另外,你需要知道每个源数据的细节特征,比如文件类型,数据结构,甚至到个别的字段。
定期装载脚本\
我将用列表8-1所示的脚本来解释如何使定期装载起作用。你可以用它以每天为周期来装载数据仓库。抽取模式和装载类型如下所示:
n customer.csv 和product.txt的固定格式文件分别通过customer_stg 和 product_stg 表为中间表载入到customer_dim和 product_dim 表中。载入是通过mysql的LOAD DATA INFILE工具完成的。

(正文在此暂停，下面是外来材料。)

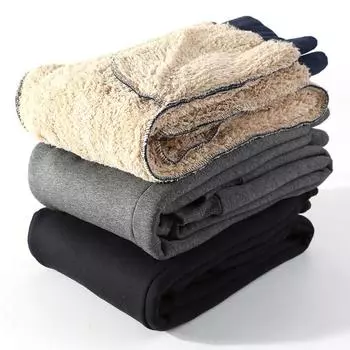 Мужские спортивные штаны для бега Толстые бархатные брюки повседневные прямые брюки Хлопковые спортивные штаны Спортивные беговые шерстяные флисовые зимние брюки для мужчин 5XL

n SCD2被应用到客户地址,产品名称,以及产品组中。SCD1应用到客户名称中。
n 只有开始于当前时间的销售订单记录被载入到order_dim 和 sales_order_fact 表中。
列表8-1:每日的dw定期装载
/*****************************************************************/
/* */
/* dw_regular.sql */
/* */
/*****************************************************************/
USE dw;
/* customer dimension loading */
TRUNCATE customer_stg
;
LOAD DATA INFILE 'customer.csv'
INTO TABLE customer_stg
FIELDS TERMINATED BY ', '
OPTIONALLY ENCLOSED BY ' " '
LINES TERMINATED BY '\r\n'
IGNORE 1 LINES
( customer_number
, customer_name
, customer_street_address
, customer_zip_code
, customer_city
, customer_state)
;
/* SCD2 on customer street addresses */
/* first, expire the existing customers */
UPDATE
customer_dim a
, customer_stg b
SET
expiry_date = SUBDATE (CURRENT_DATE, 1)
WHERE
a.customer_number = b.customer_number
AND a.customer_street_address <> b.customer_street_address
AND expiry_date = '9999–12–31'
;
/* then, add a new row for the customer */
INSERT INTO customer_dim
SELECT
NULL
, b.customer_number
, b.customer_name
, b.customer_street_address
, b.customer_zip_code
, b.customer_city
, b.customer_state
, CURRENT_DATE
, '9999–12–31'
FROM
customer_dim a
, customer_stg b
WHERE
a.customer_number = b.customer_number
AND (a.customer_street_address <> b.customer_street_address)
AND EXISTS(
SELECT *
FROM customer_dim x
WHERE
b.customer_number=x.customer_number
AND a.expiry_date=SUBDATE (CURRENT_DATE, 1))
AND NOT EXISTS (
SELECT *
FROM customer_dim y
WHERE
b.customer_number = y. customer_number
AND y.expiry_date = '9999–12–31')
;
/* SCD1 on customer name */
UPDATE customer_dim a, customer_stg b
SET a.customer_name = b.customer_name
WHERE a.customer_number = b.customer_number
AND a.customer name <> b.customer name
;
/* add new customer */
INSERT INTO customer_dim
SELECT
NULL
, customer_number
, customer_name
, customer_street_address
, customer_zip_code
, customer_city
, customer_state
, CURRENT_DATE
,'9999–12–31'
FROM customer_stg
WHERE customer_number NOT IN(
SELECT y.customer_number
FROM customer_dim x, customer_stg y
WHERE x.customer_number = y.customer_number)
;
/* product dimension loading */
TRUNCATE product_stg
;
LOAD DATA INFILE 'product.txt'
INTO TABLE product_stg
FIELDS TERMINATED BY ' '
OPTIONALLY ENCLOSED BY ' '
LINES TERMINATED BY '\r\n'
IGNORE 1 LINES
( product_code
, product_name
, product_category)
;
/* SCD2 on product name and group */
/* first, expire the existing product */
UPDATE
product_dim a
, product_stg b
SET
expiry_date = SUBDATE (CURRENT_DATE, 1)
WHERE
a.product_code = b.product_code
AND ( a.product_name <> b.product_name
OR a.product_category <> b.product_category)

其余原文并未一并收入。